**Activity**
Begin at the line containing "Temp 1747635982081 5fab84c78ccb9" and restate it and each line after it exactly, up to and including the last line below. Leave pictures out.

Short descriptive text snippets
+-------+

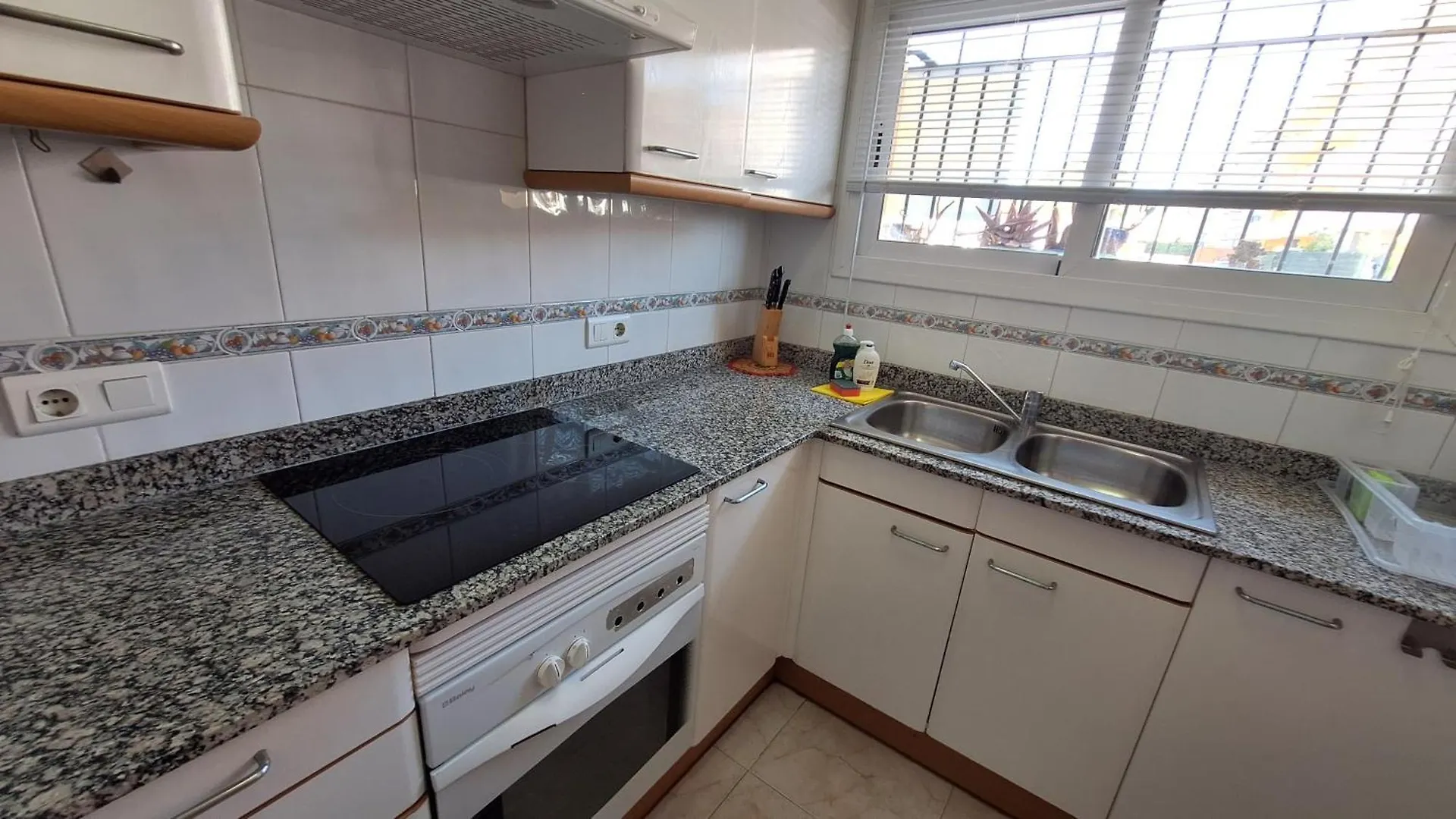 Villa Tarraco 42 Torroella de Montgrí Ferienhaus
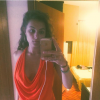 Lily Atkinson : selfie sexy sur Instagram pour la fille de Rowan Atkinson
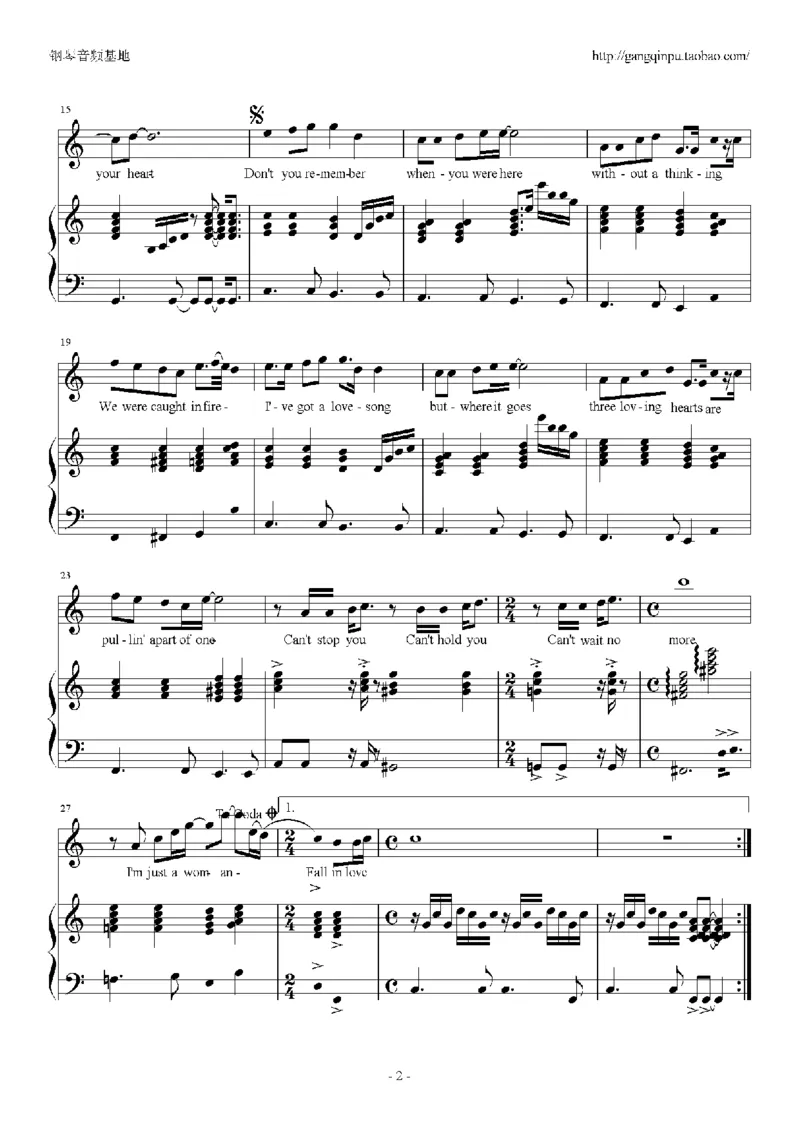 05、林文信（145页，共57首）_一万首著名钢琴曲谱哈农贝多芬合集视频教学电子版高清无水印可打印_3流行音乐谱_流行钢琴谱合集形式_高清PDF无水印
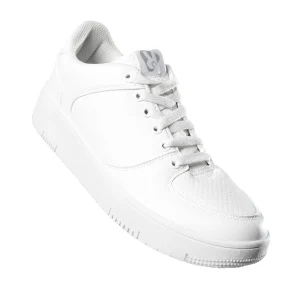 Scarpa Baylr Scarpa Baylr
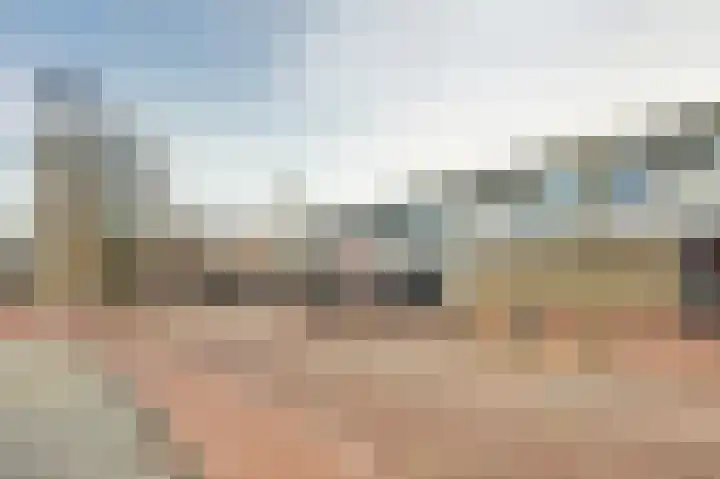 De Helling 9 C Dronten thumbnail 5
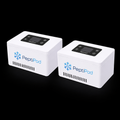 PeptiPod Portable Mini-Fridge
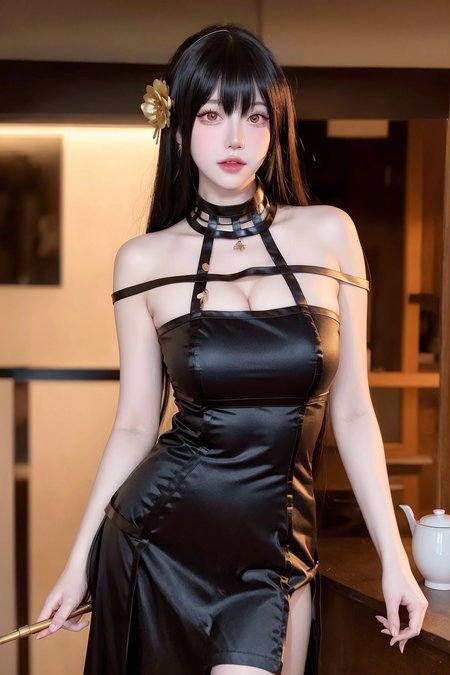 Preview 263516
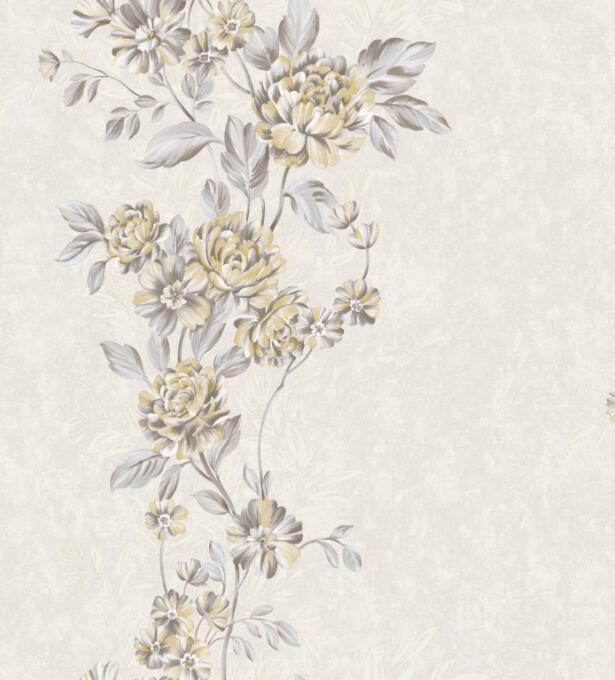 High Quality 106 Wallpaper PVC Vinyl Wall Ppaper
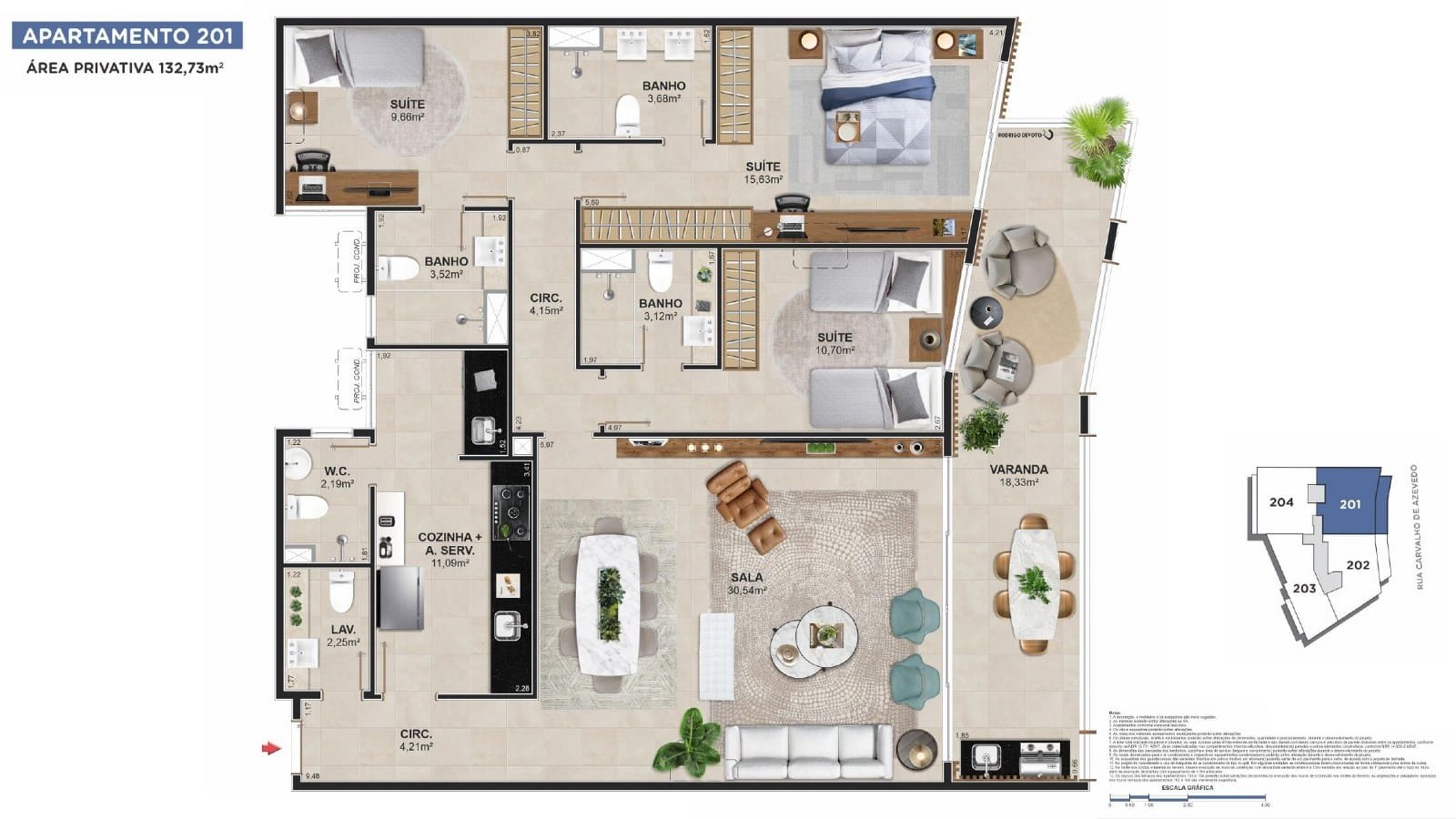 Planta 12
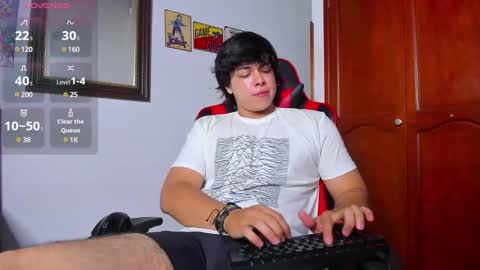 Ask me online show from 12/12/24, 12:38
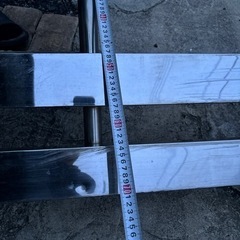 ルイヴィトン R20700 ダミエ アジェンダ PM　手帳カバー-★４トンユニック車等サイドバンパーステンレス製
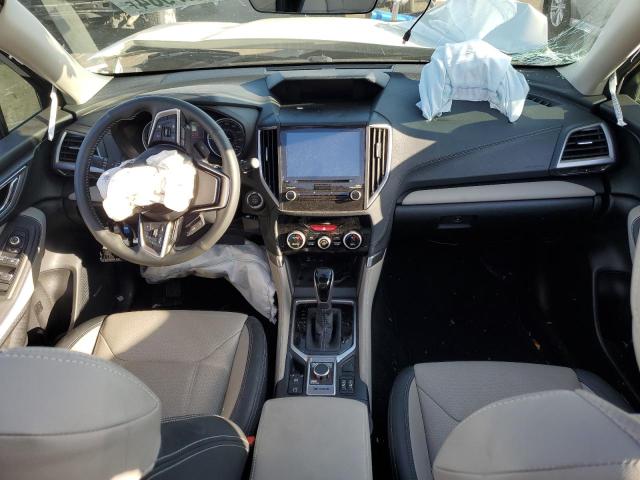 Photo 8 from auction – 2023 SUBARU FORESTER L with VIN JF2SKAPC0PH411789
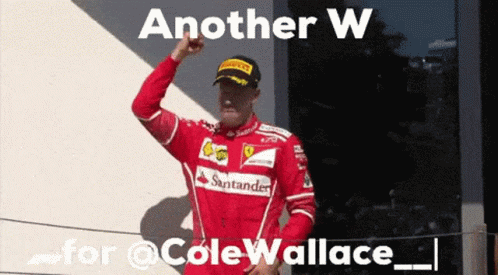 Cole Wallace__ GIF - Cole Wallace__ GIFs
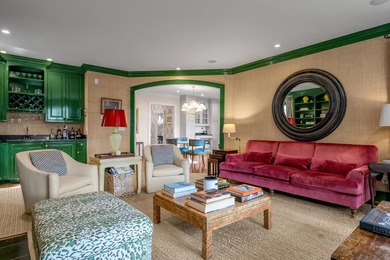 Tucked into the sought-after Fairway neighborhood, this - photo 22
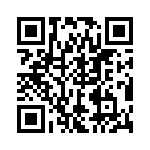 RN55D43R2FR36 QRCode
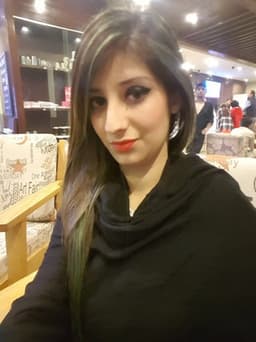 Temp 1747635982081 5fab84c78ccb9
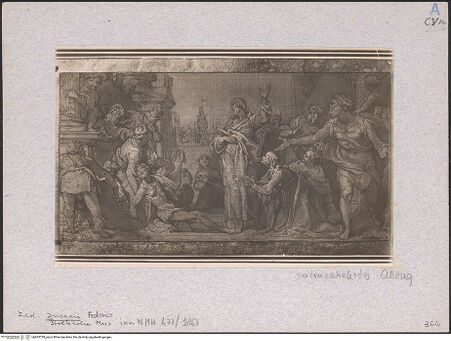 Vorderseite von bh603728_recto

+-------+

**Completed exercise**
 Temp 1747635982081 5fab84c78ccb9
 Vorderseite von bh603728_recto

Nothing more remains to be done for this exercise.